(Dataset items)
########

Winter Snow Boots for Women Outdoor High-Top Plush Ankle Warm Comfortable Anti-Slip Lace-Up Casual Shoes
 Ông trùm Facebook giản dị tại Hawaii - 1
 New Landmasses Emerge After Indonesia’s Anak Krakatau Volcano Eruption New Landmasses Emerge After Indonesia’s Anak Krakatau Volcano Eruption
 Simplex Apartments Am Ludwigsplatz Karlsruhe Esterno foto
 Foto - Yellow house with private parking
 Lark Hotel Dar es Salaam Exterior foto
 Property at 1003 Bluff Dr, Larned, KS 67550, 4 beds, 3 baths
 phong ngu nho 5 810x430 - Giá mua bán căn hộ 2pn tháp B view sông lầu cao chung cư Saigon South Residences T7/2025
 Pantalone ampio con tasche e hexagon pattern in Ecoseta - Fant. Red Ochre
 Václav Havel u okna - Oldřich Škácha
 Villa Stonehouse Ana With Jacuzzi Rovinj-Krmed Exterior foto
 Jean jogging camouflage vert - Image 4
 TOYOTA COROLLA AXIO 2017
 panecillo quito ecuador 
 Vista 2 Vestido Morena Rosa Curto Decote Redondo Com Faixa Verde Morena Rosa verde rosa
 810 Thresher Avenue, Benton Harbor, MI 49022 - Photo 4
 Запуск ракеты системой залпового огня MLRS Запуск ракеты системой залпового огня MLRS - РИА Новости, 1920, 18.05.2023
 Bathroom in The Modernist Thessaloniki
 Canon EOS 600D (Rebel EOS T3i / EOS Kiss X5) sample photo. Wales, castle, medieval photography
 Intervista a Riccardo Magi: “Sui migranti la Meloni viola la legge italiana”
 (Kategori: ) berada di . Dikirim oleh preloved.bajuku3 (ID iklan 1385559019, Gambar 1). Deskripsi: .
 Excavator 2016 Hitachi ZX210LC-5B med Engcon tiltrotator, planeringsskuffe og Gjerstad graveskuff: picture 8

########

Activity
Beginning with the first line of the entries, repeat each line exactly until you have reproduced the one containing "Volcano Eruption New", and add nothing further.

Exercise answer
Winter Snow Boots for Women Outdoor High-Top Plush Ankle Warm Comfortable Anti-Slip Lace-Up Casual Shoes
 Ông trùm Facebook giản dị tại Hawaii - 1
 New Landmasses Emerge After Indonesia’s Anak Krakatau Volcano Eruption New Landmasses Emerge After Indonesia’s Anak Krakatau Volcano Eruption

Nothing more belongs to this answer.